Each line below that holds the word "Four" counts once. Say how many such lines there are, and no more.

*** Opening of Record extracts ***

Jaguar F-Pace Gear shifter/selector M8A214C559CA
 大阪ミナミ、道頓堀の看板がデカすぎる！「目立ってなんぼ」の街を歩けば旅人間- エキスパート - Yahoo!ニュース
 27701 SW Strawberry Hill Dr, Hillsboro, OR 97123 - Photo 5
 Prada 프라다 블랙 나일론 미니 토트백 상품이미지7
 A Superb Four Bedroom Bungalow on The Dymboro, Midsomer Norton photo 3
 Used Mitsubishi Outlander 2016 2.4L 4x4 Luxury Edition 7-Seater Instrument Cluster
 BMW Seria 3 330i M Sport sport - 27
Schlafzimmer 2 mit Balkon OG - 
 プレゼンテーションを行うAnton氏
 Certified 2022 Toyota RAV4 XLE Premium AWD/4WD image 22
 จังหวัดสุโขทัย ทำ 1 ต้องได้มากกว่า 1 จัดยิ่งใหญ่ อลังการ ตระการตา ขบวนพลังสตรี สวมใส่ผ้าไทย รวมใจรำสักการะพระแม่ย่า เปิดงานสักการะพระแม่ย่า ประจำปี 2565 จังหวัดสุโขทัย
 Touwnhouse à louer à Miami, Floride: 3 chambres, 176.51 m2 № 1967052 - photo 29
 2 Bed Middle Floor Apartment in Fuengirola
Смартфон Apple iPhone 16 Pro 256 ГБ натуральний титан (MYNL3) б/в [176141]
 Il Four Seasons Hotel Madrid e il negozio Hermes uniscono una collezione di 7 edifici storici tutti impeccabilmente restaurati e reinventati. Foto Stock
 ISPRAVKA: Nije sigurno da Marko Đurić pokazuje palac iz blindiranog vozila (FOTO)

*** Close of Record extracts ***

**Result for this task:** 2